Prof. Sandeep Mukherjee's Art Graces YouTube Theater

Pomona College Art Professor Sandeep Mukherjee looks down from stairway on his art installation at YouTube Theater.

A contemporary artist as well as a Pomona College art professor, Sandeep Mukherjee has ventured into the realm of public art, with his work on view in prominent locations.

His latest installation bursts from the corner of a staircase in the new YouTube Theater at SoFi Stadium in Inglewood, home to the NFL’s Los Angeles Rams and Chargers.

The wall-mounted work, Suddenly Everywhere, 2021, seems to erupt “like a gathering of the earth and the sky moving everywhere,” the artist says.

Mukherjee still creates paintings and sculptures that are displayed in galleries, museums or private spaces. But his career in public art has taken flight. He already has been selected for large-scale permanent works at the Facebook offices in Los Angeles, a federal courthouse in Toledo, Ohio, and now the 6,000-seat YouTube Theater tucked beneath the roof of SoFi Stadium.

With a master’s degree in industrial engineering from UC Berkeley and a master of fine arts from UCLA, Mukherjee brings a scientific understanding of such concepts as movement, malleability and color to his work.

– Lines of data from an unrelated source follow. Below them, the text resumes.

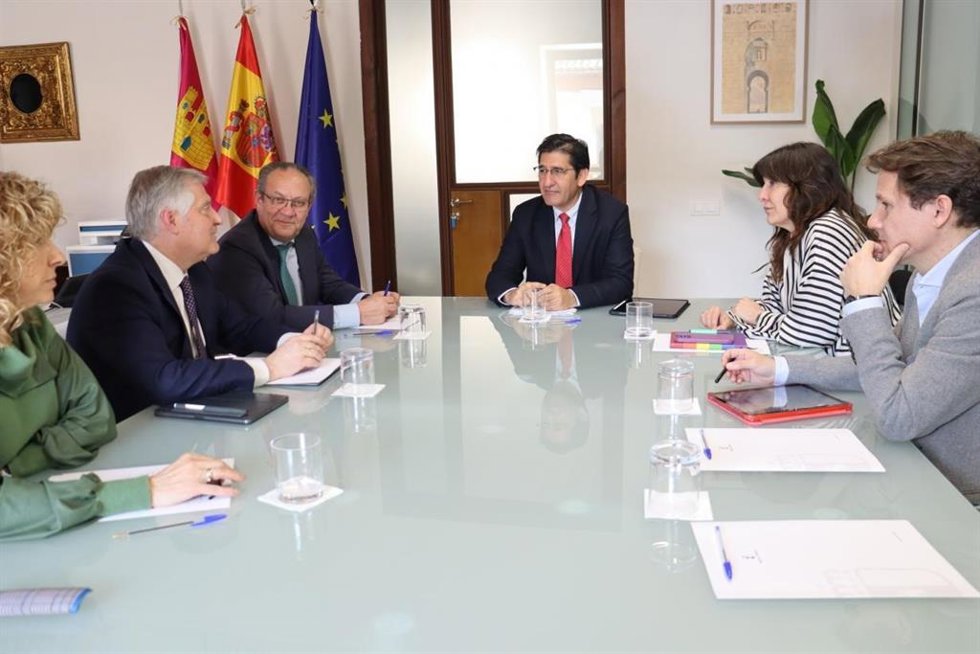 El Gobierno de Castilla-La Mancha y el Ayuntamiento de Ciudad Real tratan vías de colaboración en materia de vivienda e infraestructuras.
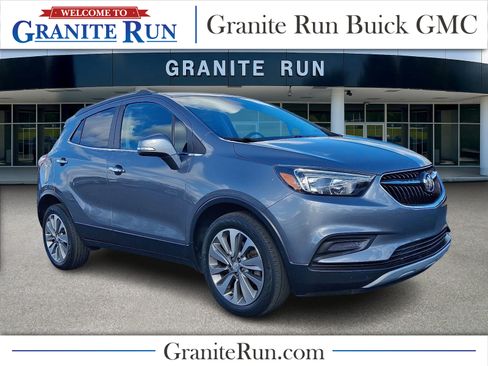 Used 2019 Buick Encore Preferred image 1
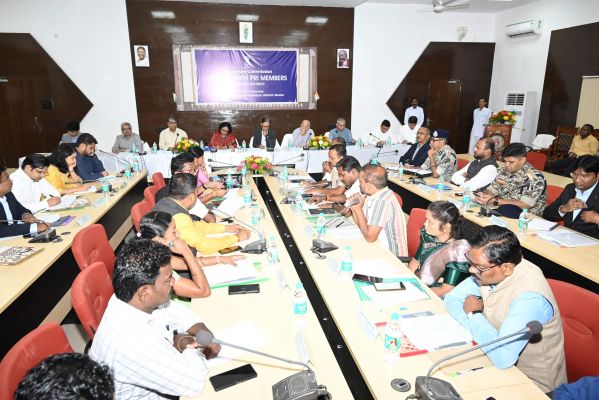 बस्तर में तेजी से समग्र विकास का खींचा खाका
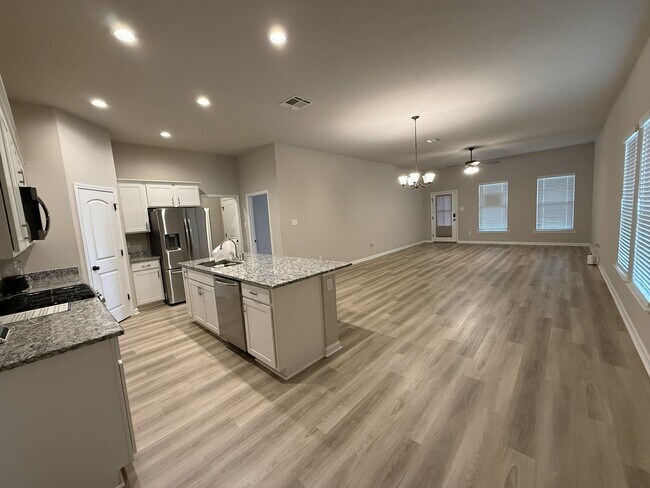 Foto del edificio - Spacious 4BR, 2BA Home in coveted Cambre Oaks Subdv - Gonzales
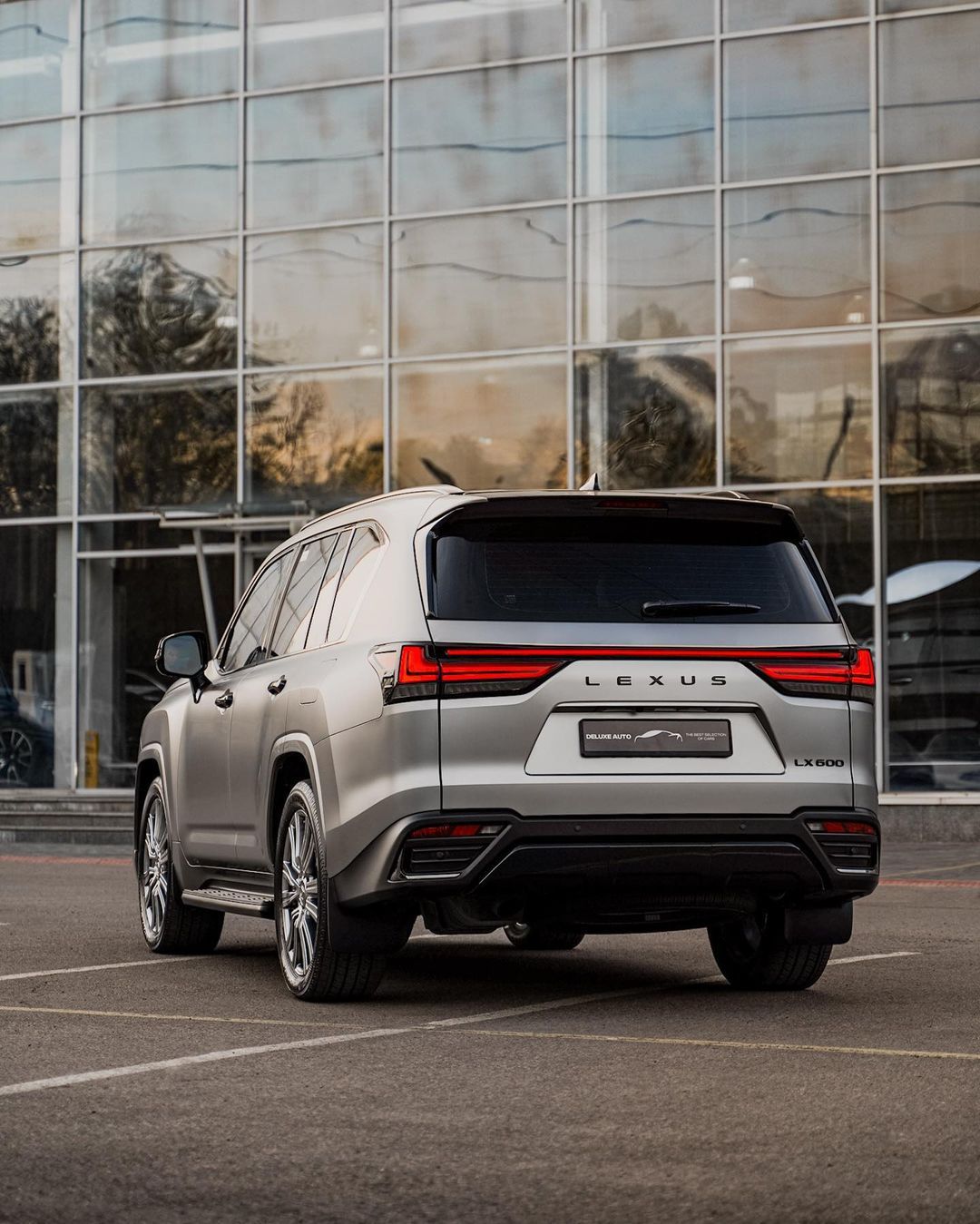 雷克萨斯 LX600 ​​​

He created the 204 pieces of hand-molded aluminum on the walls of the theater’s lobby by wrapping the pliable metal around sections of tree trunks, cross-sections of trees, broken limbs and even rocks. Then he painted the molded shapes in gradients of intensely colored acrylic—oranges that look hot to the touch, blood reds and varied hues of goldenrod, lizard green, indigo and amethyst that merge into each other. Seen together, the pieces sometimes almost look like microorganisms on a slide. Viewed separately, they resemble archeological finds—bones, stone tools, even pieces of bodies.

A work of public art must fit the place it is installed, both physically and functionally. Mukherjee's Suddenly Everywhere follows a bend in the wall and surrounds a doorway to the performance hall.  

“Traditionally we think of space housing the work, but in my case the work communes with space—turning corners, echoing shadows, absorbing light, and making room simply for what is there,” he says.

The artwork's ultimate function is to enhance the theater and welcome audiences to performances very different from those in the cavernous 70,000-seat NFL stadium.

From the parking lot and beyond, the glass walls of the YouTube Theater are meant to beckon.

“Depending on the time of day or night and the viewer’s location, the work becomes a membrane in flux, an interface that changes with the viewer’s perspective and movement; a porous skin that connects the inside and the outside,” Mukherjee says.